Please print each entry below exactly as it stands, but without any pictures.
MATERIAL PROVIDED below:
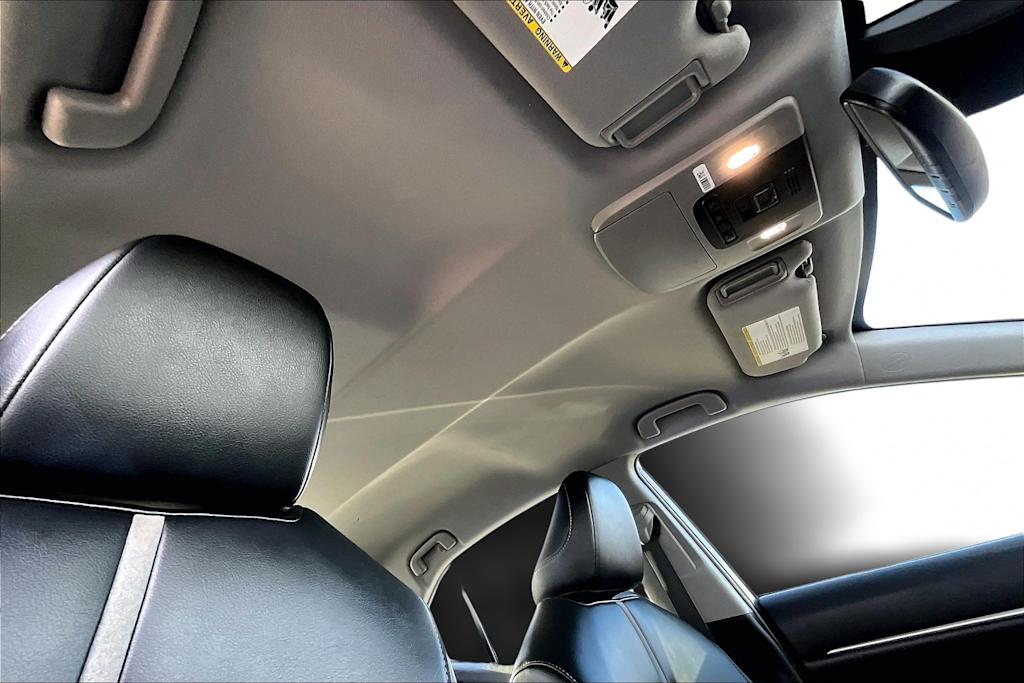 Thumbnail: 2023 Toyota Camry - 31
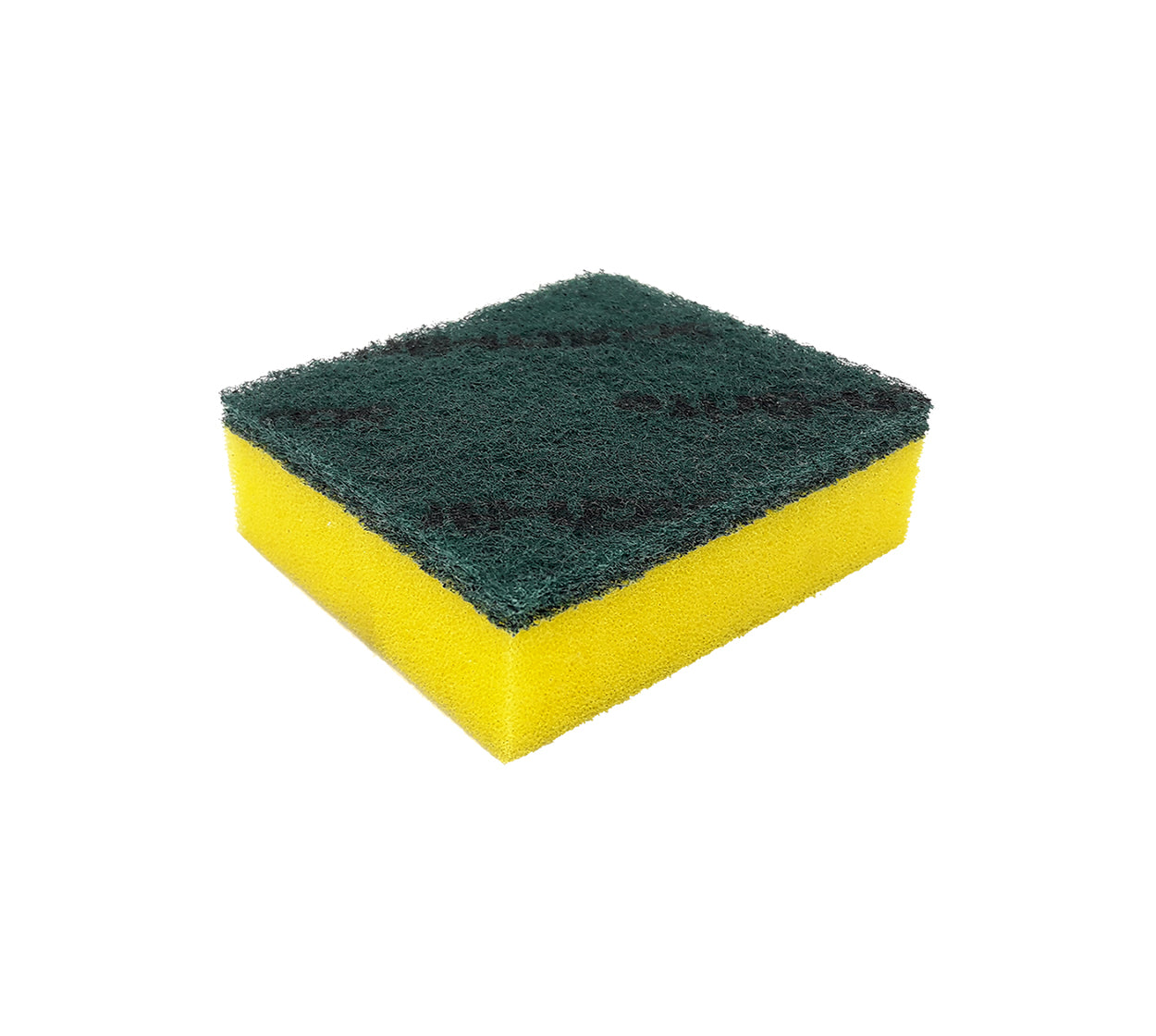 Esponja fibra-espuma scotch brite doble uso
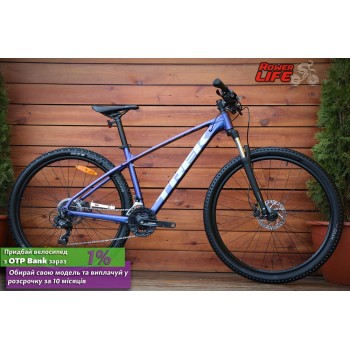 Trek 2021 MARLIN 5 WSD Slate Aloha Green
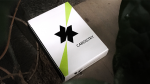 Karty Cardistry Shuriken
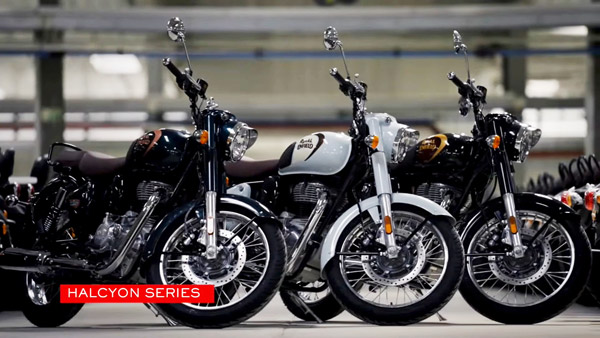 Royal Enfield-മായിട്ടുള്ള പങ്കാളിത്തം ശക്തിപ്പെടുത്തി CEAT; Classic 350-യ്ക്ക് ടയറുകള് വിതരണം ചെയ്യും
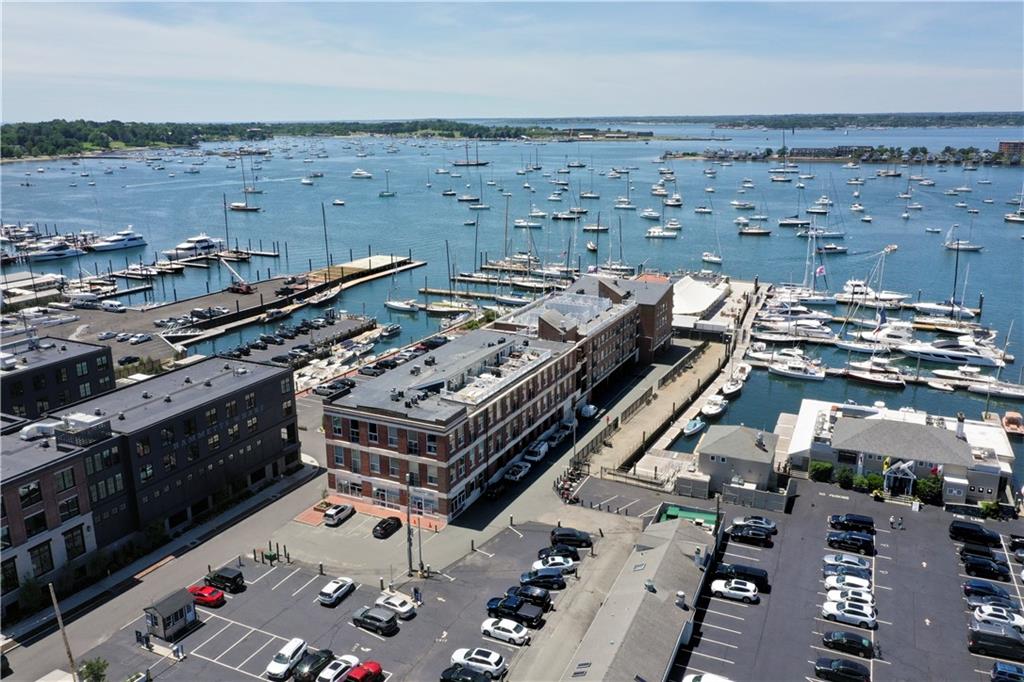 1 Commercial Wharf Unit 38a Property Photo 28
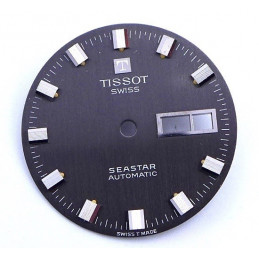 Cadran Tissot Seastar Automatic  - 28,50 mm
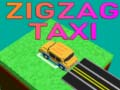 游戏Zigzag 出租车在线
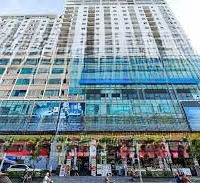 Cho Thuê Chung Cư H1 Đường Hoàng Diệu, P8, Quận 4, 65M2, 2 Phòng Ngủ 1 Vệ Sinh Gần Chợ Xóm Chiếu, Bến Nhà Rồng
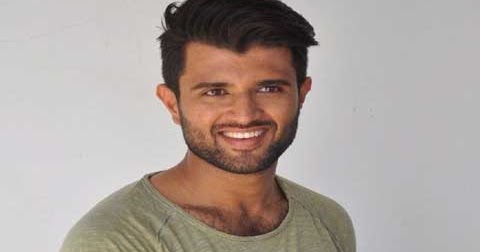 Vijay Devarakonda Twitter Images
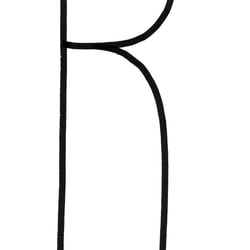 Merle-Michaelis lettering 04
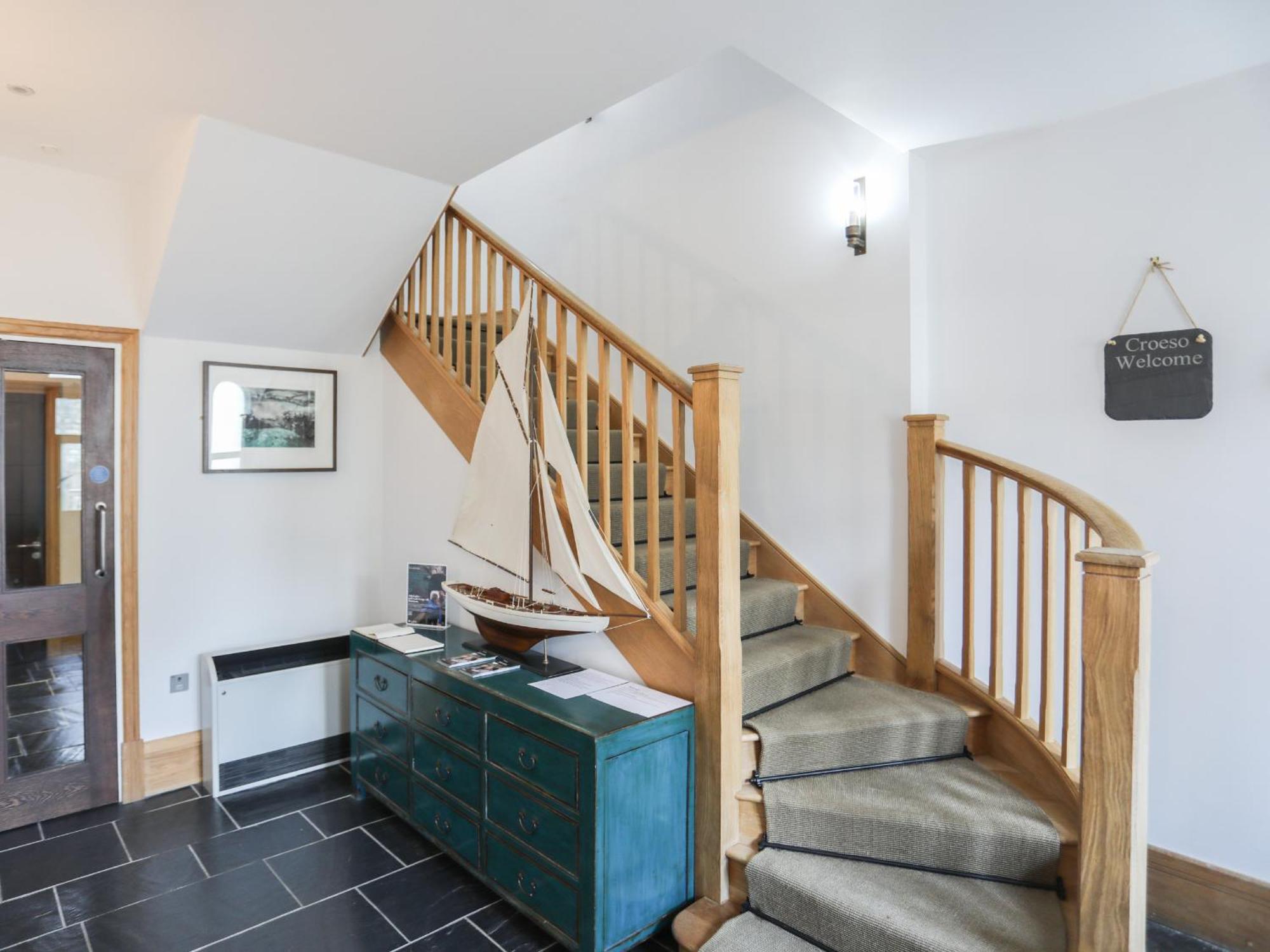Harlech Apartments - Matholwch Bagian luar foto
End of MATERIAL PROVIDED.
■ EXERCISE RESULT:
 Thumbnail: 2023 Toyota Camry - 31
 Esponja fibra-espuma scotch brite doble uso
 Trek 2021 MARLIN 5 WSD Slate Aloha Green
 Karty Cardistry Shuriken
 Royal Enfield-മായിട്ടുള്ള പങ്കാളിത്തം ശക്തിപ്പെടുത്തി CEAT; Classic 350-യ്ക്ക് ടയറുകള് വിതരണം ചെയ്യും
 1 Commercial Wharf Unit 38a Property Photo 28
 Cadran Tissot Seastar Automatic  - 28,50 mm
 游戏Zigzag 出租车在线
 Cho Thuê Chung Cư H1 Đường Hoàng Diệu, P8, Quận 4, 65M2, 2 Phòng Ngủ 1 Vệ Sinh Gần Chợ Xóm Chiếu, Bến Nhà Rồng
 Vijay Devarakonda Twitter Images
 Merle-Michaelis lettering 04
Harlech Apartments - Matholwch Bagian luar foto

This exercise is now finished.